Today I encountered a situation where a certain host was unable to
resolve entries in my domain despite the fact that one of my
nameservers was functional. I am wondering if I have stumbled across
a limitation of the DNS protocol, a bug in bind, or if I have subtly
misconfigured something.
The domain in question is in the .to TLD. The authoritative
nameservers for the domain are:
dns1.domain.to
dns1.backup.com
dns2.backup.com
So, when queried for domain.to, the authoritative servers for the .to
domain send back a glue record for dns1.domain.to, but not for
dns1.backup.com or dns2.backup.com.
Somewhere along the line, both dns1.backup.com and dns2.backup.com
fell over. This still left dns1.domain.to up, so I believed that DNS
resolution would continue to work for domain.to. However one of my
client hosts would not resolve hosts inside domain.to.
As it turns out, the .to servers send glue records with a 1D TTL,
while the .com servers send glue records with a 2D TTL.

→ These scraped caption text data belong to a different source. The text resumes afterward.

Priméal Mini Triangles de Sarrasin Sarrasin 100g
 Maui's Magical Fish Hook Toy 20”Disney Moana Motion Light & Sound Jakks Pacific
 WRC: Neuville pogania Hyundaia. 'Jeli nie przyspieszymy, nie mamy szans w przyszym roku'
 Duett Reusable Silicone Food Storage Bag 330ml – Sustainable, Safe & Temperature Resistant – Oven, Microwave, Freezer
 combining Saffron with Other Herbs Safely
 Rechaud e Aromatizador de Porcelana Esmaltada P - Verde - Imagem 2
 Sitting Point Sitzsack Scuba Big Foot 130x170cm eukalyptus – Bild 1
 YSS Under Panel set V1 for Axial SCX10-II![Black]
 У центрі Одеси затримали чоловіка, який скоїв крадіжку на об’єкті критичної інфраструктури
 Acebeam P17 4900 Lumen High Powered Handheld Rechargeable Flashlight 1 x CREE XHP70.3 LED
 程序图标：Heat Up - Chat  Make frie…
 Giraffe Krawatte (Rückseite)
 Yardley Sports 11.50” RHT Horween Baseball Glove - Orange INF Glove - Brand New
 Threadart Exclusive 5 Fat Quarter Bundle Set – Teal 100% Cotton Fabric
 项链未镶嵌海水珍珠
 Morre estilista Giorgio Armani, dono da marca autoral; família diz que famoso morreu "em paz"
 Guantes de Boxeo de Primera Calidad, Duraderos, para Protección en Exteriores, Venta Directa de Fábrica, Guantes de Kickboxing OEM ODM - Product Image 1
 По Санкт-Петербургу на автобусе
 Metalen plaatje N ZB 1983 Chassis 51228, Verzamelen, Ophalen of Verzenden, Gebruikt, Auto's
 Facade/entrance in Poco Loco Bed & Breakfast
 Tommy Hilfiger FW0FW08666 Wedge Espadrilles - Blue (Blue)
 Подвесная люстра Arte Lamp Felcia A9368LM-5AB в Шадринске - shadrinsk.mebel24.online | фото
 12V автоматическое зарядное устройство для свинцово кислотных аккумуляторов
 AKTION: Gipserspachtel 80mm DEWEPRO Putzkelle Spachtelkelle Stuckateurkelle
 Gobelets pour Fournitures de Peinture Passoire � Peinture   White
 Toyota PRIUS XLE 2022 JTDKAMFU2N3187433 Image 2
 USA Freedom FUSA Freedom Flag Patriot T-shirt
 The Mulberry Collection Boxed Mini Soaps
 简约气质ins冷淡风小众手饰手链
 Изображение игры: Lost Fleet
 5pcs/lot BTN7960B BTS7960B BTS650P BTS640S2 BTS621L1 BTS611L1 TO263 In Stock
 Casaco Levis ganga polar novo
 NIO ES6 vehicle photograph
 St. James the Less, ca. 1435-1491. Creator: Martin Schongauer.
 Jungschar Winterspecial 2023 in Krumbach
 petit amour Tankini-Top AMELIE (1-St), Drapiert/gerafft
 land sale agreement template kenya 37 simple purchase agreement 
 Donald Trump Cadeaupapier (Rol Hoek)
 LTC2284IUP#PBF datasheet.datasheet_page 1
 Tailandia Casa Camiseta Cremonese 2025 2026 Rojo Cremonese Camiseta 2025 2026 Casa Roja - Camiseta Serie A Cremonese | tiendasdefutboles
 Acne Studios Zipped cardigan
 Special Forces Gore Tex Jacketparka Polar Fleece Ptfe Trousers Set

The client, running bind 8.2.3, had cached the 3 NS entries for
domain.to. However, since it had been more than 1 day and less than 2
days since it last queried domain.to, dns1.domain.to's A record had
expired. It was only querying the dns1.backup.com and dns2.backup.com
nameservers, which were of course down. Since it didn't have a valid
A record for dns1.domain.to, it never queried that host, and it chose
not to attempt to refresh that record.
Is this working as designed? Should the expiration of a glue record
when other glue records have a higher TTL prevent that host from being
queried? How can I prevent clients from experiencing this problem in
the future?
--
Pablo
However, BIND 8 lacks what is called "query restart", which means,
basically, that it loses track of where it is in the process of resolving
a query if there are too many steps involved in resolving it. So when
some but not all of the A RRs associated with a given cached NS RRset
happen to be missing, it basically gives up on the query halfway through.
Usually, the "lack of query restart" problem is kludged by the fact that
the client will retry its query and eventually the nameserver will
complete resolution. But that doesn't happen in all cases, and, besides,
oftentimes the application will time out before enough queries are
attempted.
BIND 9 supposedly has query restart, so eventually this problem will go
away.
- Kevin